---------- Given records

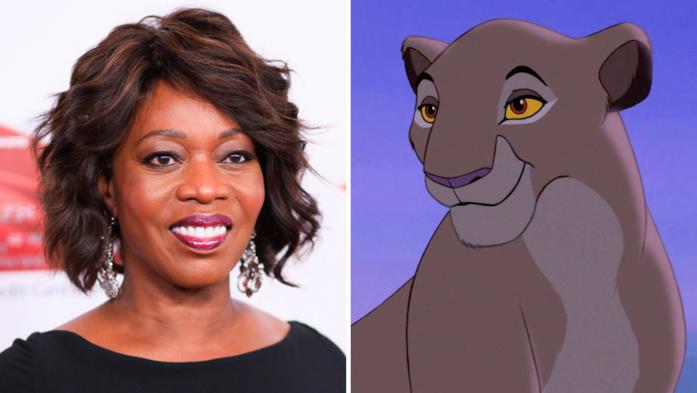 Alfre Woodard Alfre Woodard vs la mamma di Simba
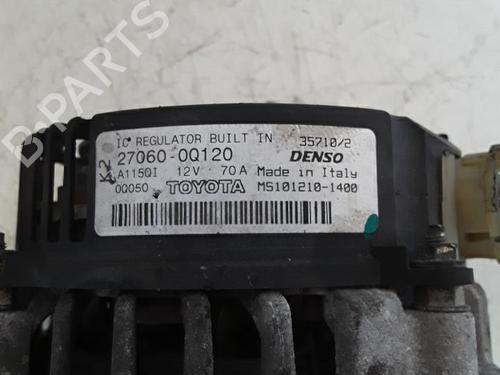 Used Alternator PEUGEOT 107 (PM_, PN_) 1.0 (68 hp) 30022134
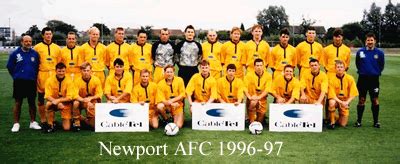 Newport County AFC- Historical Football Kits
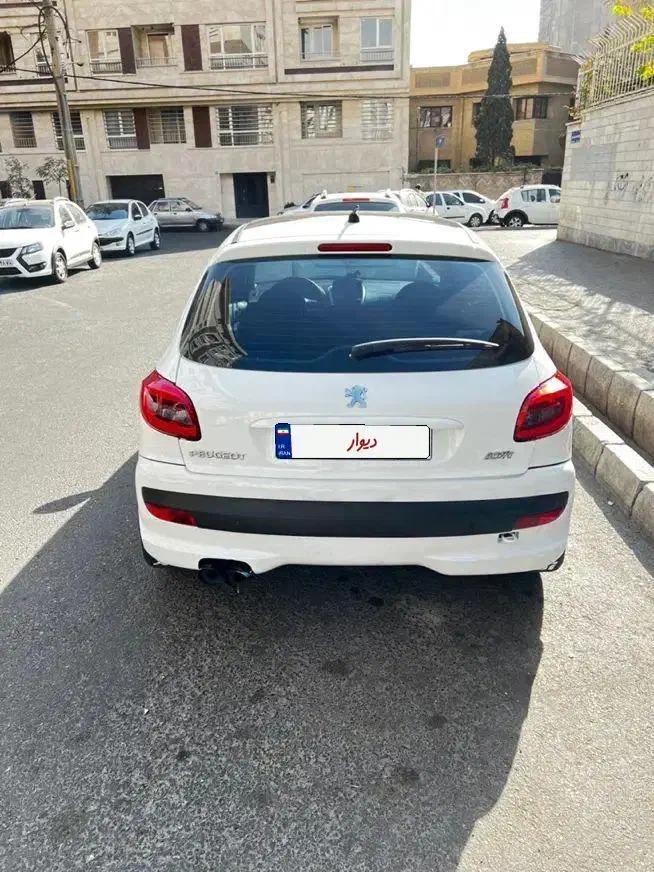پژو 207 پانوراما دنده‌ای - 1399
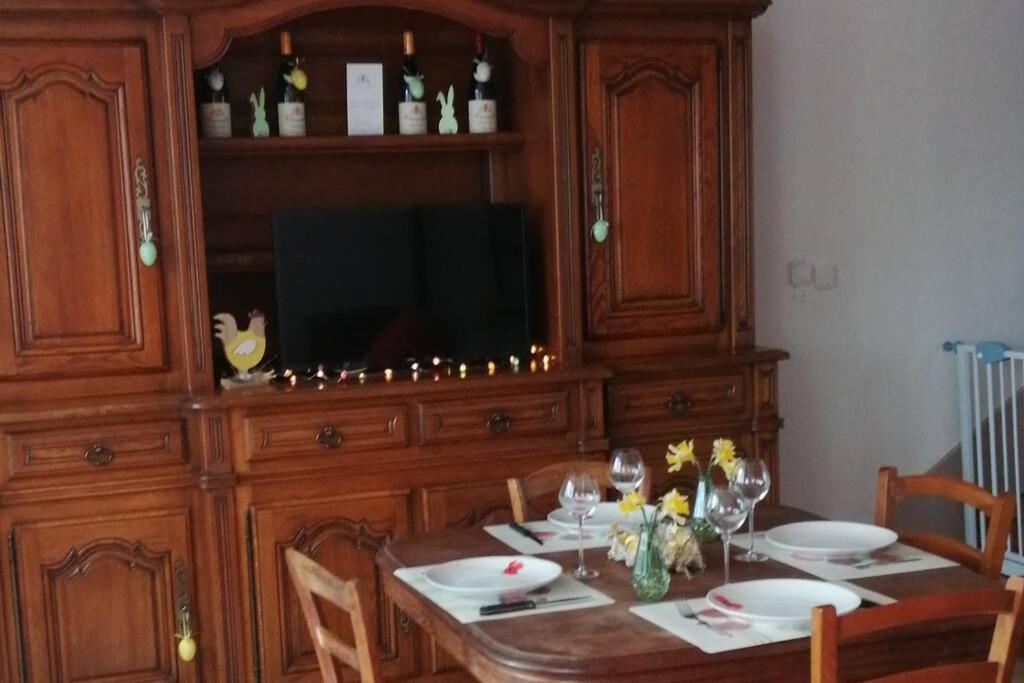 Le Belvedere Mouxois, Spa Privatif, Vue Morvan Zewnętrze zdjęcie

--------------------

**What to work on:** Lines before the one containing "پژو 207 پانوراما دنده‌ای - 1399" are not wanted; write out that line and every later line through the end of the data above, exactly, without pictures.

**Answer box:**
پژو 207 پانوراما دنده‌ای - 1399
 Le Belvedere Mouxois, Spa Privatif, Vue Morvan Zewnętrze zdjęcie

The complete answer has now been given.